Activity:
The answer must be an exact reprint of the lines from the one with "İftarda yemek siparişi" through the final line of the data, with no pictures included.

(Supplied data)

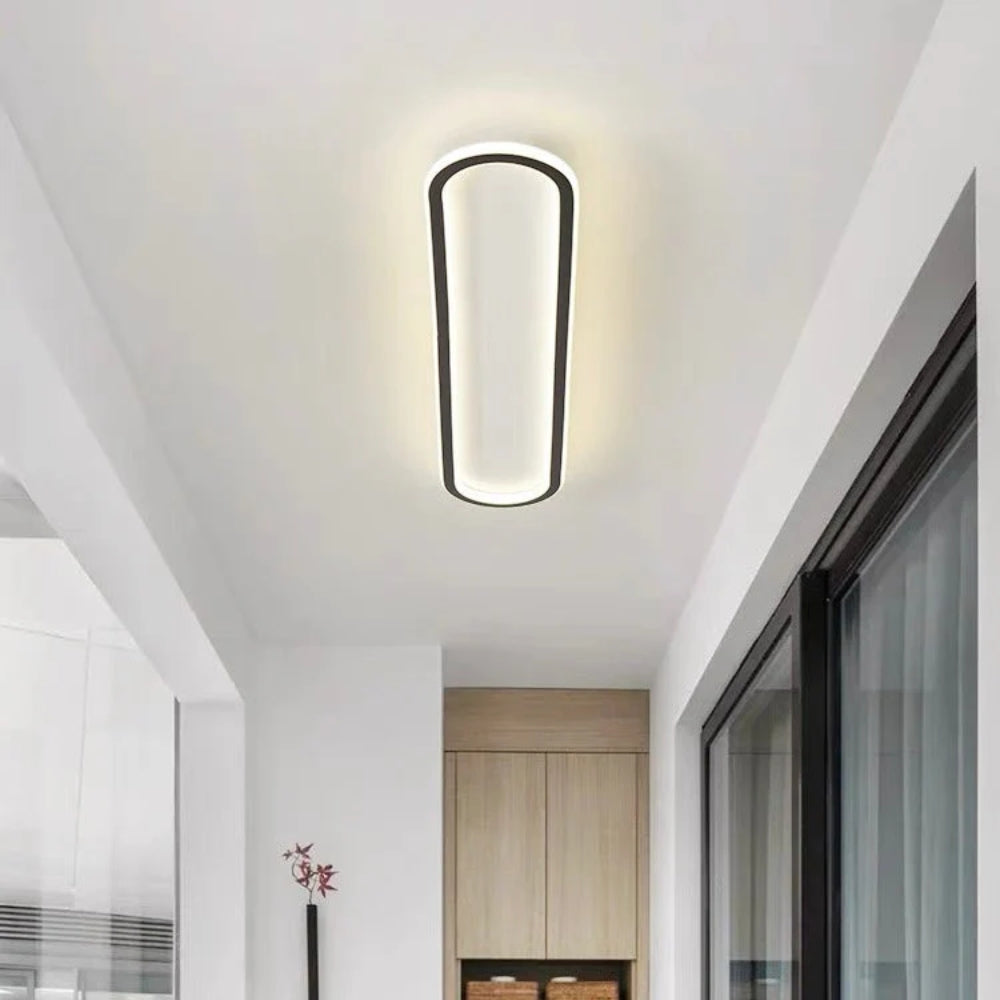 Abgerundete rechteckige Deckenleuchte | LED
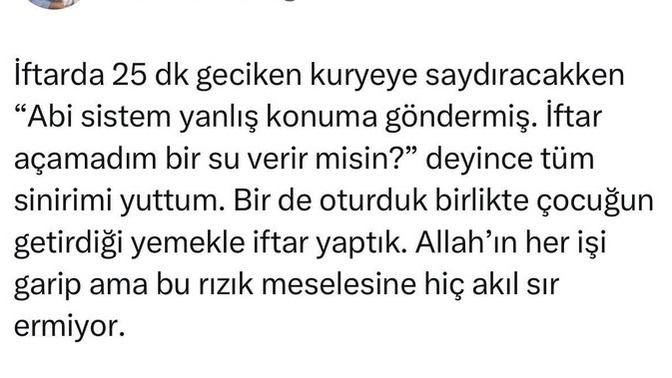 İftarda yemek siparişi verenler, kurye gecikirse ne yapıyorsunuz?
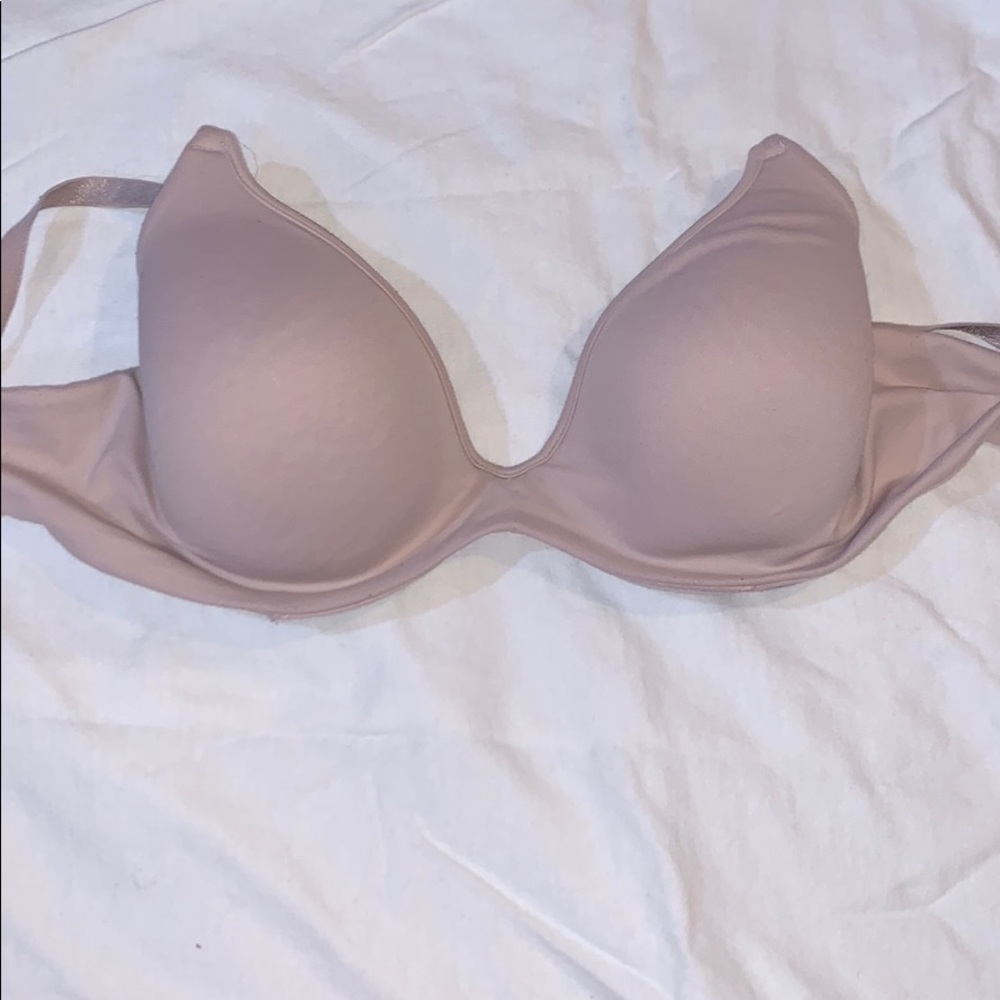 Pink full coverage T-shirt Bra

(End Supplied data)

Expected answer:
 İftarda yemek siparişi verenler, kurye gecikirse ne yapıyorsunuz?
 Pink full coverage T-shirt Bra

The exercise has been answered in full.